Wednesday, March 6, 2019

"Rend Your Hearts": Ash Wednesday

St. Jerome Doing Penance in His Study (c. 1618) by Luis Tristán


“Rend your hearts and not your garments,” the prophet Joel says to us today. Seems like kind of a strange thing to say, right? But if you read the Old Testament, you will disover that the tearing of one’s clothing was a traditional way to express extreme mourning. For example, when Job finds out all of his children have been killed, he tears his garments and prays for death. To rend one’s clothes was understood as a sign of devastation, utter loss.

The ashes we will receive on our foreheads today signify much the same thing. The ashes are not just a reminder about our own mortality; they tell us that we have lost something of immense importance. What have we lost? For what are we in mourning? That special gift from God that we call grace: a sharing in God’s divine life. When we sin, we reject that gift – we fracture that relationship with God. And when we recognize that fact, when we realize what we have lost, we feel sorrow and we mourn.

Fortunately, our God is a merciful God, and he never wants us to remain in that place of sorrow. Instead he calls us back into relationship. When we repent, we receive anew his grace: his love, his freedom, his joy. But we don’t just go back to being the same as we were before – we should be changed, transformed, wiser for where we have gone astray and where God has brought us back.

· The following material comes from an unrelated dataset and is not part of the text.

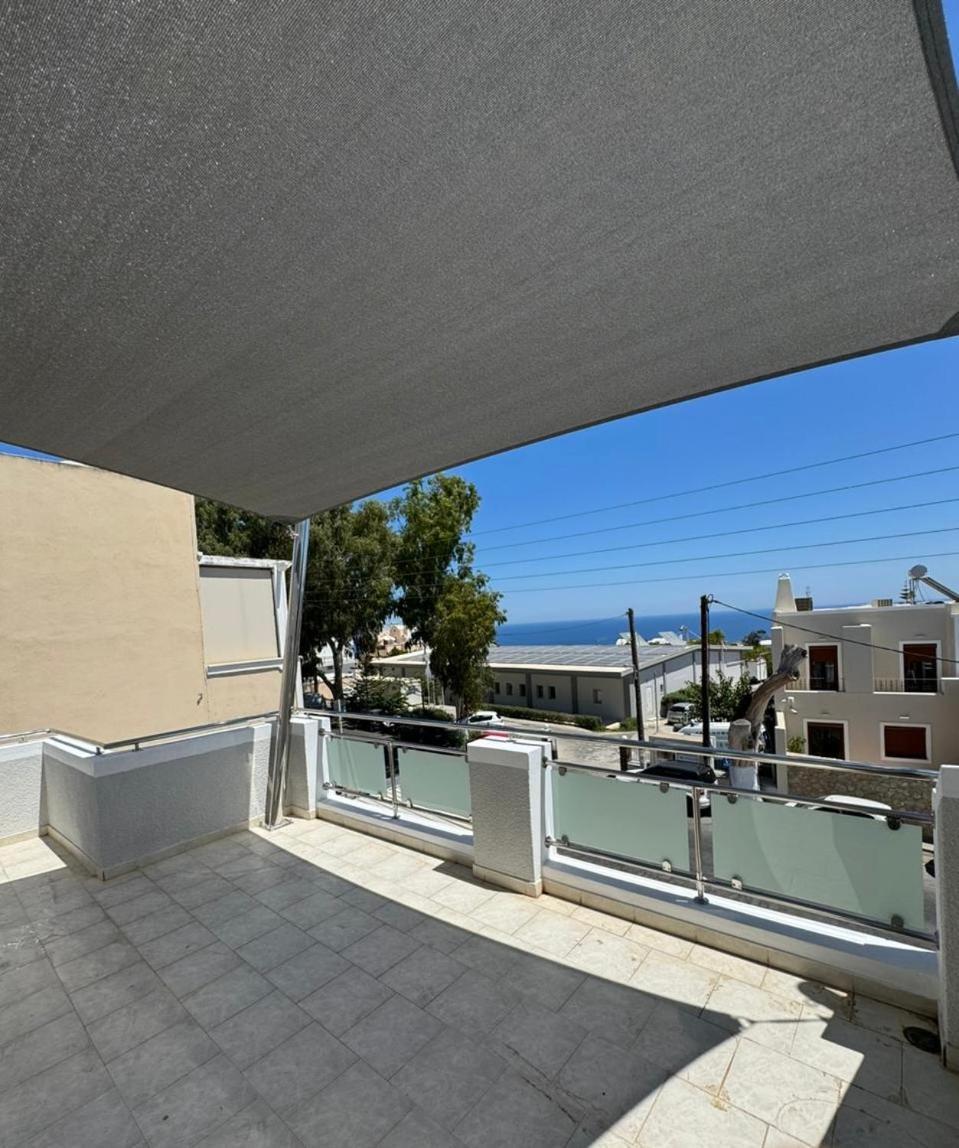 Gervi Suites Fira  Dış mekan fotoğraf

The ashes we receive will be an exterior sign of our sinfulness, but exterior signs are not enough. As the prophet Joel says, what God really wants is a transformation of our heart. We can go to great lengths in our exterior penance – tearing our clothing, covering ourselves in ashes, or fasting and praying visibly as Jesus says in the Gospel. But none of that will do us any good at all unless we are also changed on the inside, unless we become aware of just how destructive sin is for our relationship with God. We tend to focus a lot on the individual sins we commit, but those are just indicative of the deeper problem: that too often you and I prefer our sins to the love of relationship with God. And so it is that we must learn to “rend” our hearts, to tear them away from the sinful things that they cling to. We cannot learn to love the Lord God as we should until we learn to hate the false things our hearts so often prefer.

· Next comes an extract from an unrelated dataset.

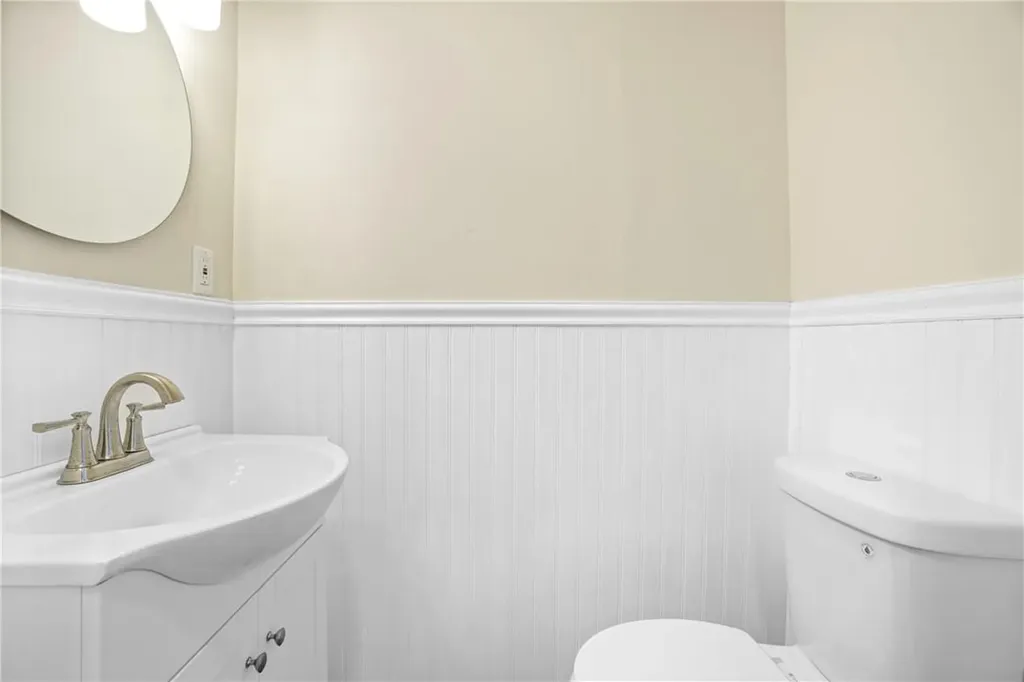 824 Peenpack Trail Sparrowbush NY 12780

Friends, this Lent, let’s take up our different penances and spiritual practices not just with the intention of trying to be a little bit better, a little bit holier, but instead with the desire to be completely new. Recognize what sin always does, what it costs you, and reject it completely. Allow God to transform your heart completely – indeed, to give you a new heart, a new way of living with him. “Rend your hearts, not your garments, and return to the LORD, your God. For gracious and merciful is he.”